Fairlop and Fullwell Cross
Fairlop and Fullwell Cross, Redbridge
A semi-rural hamlet situated between Barkingside and Hainault, and the busy roundabout to its west
Fullwell Cross may have been the site of one of Barking Abbey’s medieval fields, Hanchemstede, later Hampstede Croft. Its modern name may derive from Adam Ful(l)well, who leased a farm from the abbey at what became Fullwell Hatch, though some authorities insist that the name is a corruption of ‘foul well’, as is the case with Fulwell in south-west London.

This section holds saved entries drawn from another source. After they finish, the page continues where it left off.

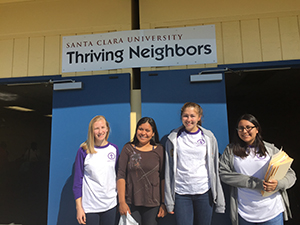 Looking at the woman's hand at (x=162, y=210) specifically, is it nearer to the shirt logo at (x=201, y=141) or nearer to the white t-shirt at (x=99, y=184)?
the white t-shirt at (x=99, y=184)

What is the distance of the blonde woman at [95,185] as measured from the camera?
2.27 m

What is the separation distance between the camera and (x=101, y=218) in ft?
7.52

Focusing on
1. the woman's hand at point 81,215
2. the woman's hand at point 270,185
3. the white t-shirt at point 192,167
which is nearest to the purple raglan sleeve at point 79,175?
the woman's hand at point 81,215

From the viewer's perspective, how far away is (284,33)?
9.70ft

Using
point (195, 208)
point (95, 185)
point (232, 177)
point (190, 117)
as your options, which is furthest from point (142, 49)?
point (195, 208)

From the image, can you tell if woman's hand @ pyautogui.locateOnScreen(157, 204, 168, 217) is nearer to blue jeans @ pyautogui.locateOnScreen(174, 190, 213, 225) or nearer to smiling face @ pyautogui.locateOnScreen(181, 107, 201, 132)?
blue jeans @ pyautogui.locateOnScreen(174, 190, 213, 225)

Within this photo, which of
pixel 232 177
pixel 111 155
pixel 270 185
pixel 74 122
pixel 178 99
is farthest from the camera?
pixel 74 122

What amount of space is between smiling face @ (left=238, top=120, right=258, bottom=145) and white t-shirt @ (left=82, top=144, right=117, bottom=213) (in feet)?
4.34

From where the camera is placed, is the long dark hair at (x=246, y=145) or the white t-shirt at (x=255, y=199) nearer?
the white t-shirt at (x=255, y=199)

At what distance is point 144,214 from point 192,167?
2.11 ft

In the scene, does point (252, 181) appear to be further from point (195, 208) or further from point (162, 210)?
point (162, 210)

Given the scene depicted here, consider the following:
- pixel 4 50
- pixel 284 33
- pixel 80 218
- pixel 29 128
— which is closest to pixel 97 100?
pixel 80 218

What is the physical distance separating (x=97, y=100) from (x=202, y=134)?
1.41m

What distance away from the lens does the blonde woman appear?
227cm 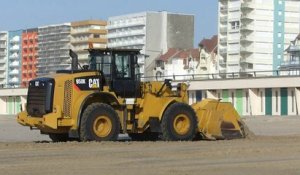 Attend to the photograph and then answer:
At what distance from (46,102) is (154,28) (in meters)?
142

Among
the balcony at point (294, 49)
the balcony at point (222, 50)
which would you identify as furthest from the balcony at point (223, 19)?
the balcony at point (294, 49)

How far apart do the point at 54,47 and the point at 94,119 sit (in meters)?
169

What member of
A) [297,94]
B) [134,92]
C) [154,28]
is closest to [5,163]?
[134,92]

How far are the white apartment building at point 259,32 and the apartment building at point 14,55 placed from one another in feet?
229

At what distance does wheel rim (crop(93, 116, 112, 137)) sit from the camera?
75.2ft

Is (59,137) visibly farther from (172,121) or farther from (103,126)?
(172,121)

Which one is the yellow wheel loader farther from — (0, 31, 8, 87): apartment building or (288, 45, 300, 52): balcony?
(0, 31, 8, 87): apartment building

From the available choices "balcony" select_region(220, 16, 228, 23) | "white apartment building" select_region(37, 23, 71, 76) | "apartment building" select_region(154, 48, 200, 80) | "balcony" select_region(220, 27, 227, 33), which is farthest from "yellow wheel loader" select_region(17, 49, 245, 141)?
"white apartment building" select_region(37, 23, 71, 76)

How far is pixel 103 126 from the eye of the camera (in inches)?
909

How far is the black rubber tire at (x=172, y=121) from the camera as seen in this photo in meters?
24.1

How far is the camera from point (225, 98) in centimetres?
7081

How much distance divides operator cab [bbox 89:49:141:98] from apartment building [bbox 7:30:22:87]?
539ft

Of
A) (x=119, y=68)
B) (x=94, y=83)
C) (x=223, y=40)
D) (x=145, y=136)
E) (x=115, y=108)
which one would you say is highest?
(x=223, y=40)

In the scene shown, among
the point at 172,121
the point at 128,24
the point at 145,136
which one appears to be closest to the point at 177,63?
the point at 128,24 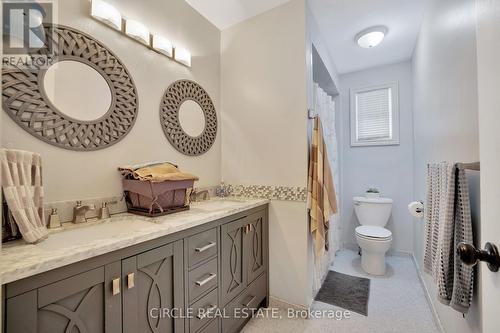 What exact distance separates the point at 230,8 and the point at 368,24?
53.6 inches

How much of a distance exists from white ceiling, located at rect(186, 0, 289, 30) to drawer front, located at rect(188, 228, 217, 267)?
188cm

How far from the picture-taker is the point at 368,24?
2184 mm

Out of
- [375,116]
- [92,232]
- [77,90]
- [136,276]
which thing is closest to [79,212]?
[92,232]

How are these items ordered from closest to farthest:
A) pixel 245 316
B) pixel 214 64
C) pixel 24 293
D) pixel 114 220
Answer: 1. pixel 24 293
2. pixel 114 220
3. pixel 245 316
4. pixel 214 64

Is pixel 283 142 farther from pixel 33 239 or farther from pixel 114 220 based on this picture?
pixel 33 239

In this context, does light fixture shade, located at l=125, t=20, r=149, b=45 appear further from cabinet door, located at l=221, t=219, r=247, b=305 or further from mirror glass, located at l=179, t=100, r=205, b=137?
cabinet door, located at l=221, t=219, r=247, b=305

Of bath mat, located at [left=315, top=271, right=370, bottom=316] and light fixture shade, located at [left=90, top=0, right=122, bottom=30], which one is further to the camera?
bath mat, located at [left=315, top=271, right=370, bottom=316]

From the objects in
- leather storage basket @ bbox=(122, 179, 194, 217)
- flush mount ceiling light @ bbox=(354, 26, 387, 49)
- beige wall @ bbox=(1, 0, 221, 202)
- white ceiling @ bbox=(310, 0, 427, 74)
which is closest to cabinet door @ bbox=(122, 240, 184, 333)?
leather storage basket @ bbox=(122, 179, 194, 217)

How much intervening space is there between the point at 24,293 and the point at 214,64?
2112 millimetres

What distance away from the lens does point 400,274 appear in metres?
2.46

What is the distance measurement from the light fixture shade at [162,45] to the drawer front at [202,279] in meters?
1.55

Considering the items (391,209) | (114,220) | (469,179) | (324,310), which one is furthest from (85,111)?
(391,209)

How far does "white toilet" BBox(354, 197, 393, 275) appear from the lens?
91.8 inches

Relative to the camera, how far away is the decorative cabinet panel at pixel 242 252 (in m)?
1.50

To the east lay Fairlop Plain, which took its name from a lopped oak tree, beneath which annual fairs were held from around 1725. The tradition was begun by a Wapping man named Daniel Day, who owned land here. At first held only for Day’s employees, the fairs later drew thousands on the first Friday of July.

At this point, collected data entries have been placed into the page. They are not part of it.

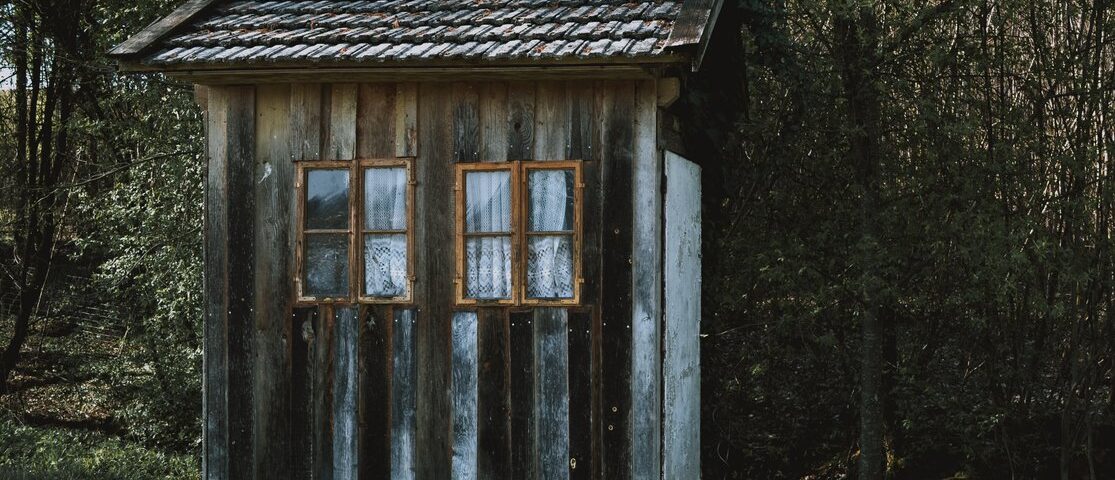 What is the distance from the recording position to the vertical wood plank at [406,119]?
6.35m

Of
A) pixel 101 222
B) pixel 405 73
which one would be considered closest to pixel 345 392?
pixel 405 73

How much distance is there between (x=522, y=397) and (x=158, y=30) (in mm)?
2969

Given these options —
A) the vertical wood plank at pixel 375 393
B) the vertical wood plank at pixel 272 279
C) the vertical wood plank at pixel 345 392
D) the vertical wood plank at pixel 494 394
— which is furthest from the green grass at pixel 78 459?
the vertical wood plank at pixel 494 394

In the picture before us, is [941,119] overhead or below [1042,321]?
overhead

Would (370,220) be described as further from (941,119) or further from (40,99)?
(40,99)

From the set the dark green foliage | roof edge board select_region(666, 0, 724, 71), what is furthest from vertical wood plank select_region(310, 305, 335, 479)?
the dark green foliage

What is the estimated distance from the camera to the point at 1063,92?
8555 millimetres

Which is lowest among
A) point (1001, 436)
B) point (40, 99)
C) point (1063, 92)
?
point (1001, 436)

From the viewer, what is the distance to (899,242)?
8.37 m

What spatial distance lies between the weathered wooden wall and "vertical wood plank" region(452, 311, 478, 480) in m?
0.01

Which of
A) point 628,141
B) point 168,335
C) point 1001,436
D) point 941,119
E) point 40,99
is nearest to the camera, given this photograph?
point 628,141

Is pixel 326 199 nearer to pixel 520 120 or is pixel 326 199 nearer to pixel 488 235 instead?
pixel 488 235

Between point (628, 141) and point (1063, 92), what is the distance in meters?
4.30

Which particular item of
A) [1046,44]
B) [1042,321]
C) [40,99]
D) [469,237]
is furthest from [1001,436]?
[40,99] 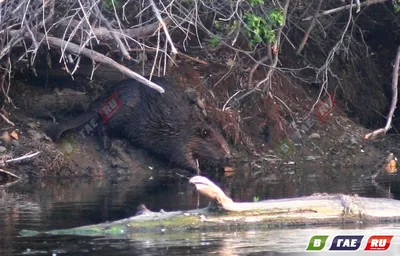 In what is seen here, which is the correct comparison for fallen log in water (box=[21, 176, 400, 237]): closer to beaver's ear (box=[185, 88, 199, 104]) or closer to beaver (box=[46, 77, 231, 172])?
beaver (box=[46, 77, 231, 172])

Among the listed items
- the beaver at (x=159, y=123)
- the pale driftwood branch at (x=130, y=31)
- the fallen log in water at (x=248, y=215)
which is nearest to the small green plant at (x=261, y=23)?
the pale driftwood branch at (x=130, y=31)

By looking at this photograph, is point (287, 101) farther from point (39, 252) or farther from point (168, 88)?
point (39, 252)

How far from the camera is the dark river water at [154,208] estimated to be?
788cm

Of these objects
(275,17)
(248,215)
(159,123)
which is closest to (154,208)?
(248,215)

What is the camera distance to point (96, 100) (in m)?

Gypsies gave Fairlop a Romany name in the late 18th-century: ‘Boro-rukeneskey gav’ – meaning ‘Great tree town’. Nearly 40 British places had Romany names but Fairlop was the only settlement in the metropolitan area to be so honoured, apart from London itself, which was ‘Mi-krauliskey gav’ – ‘My king’s town’.
Daniel Day died in 1767 and was buried in a coffin made with wood from the Fairlop Oak. The magnificent tree, which boasted a trunk with a circumference of 36 feet, was blown down in 1820 after being killed by the many fires that had been lit around it. Henry Milbourne’s painting, below, shows the state of the tree a few years before its demise. The Fairlop Fair continued until the mid-1850s.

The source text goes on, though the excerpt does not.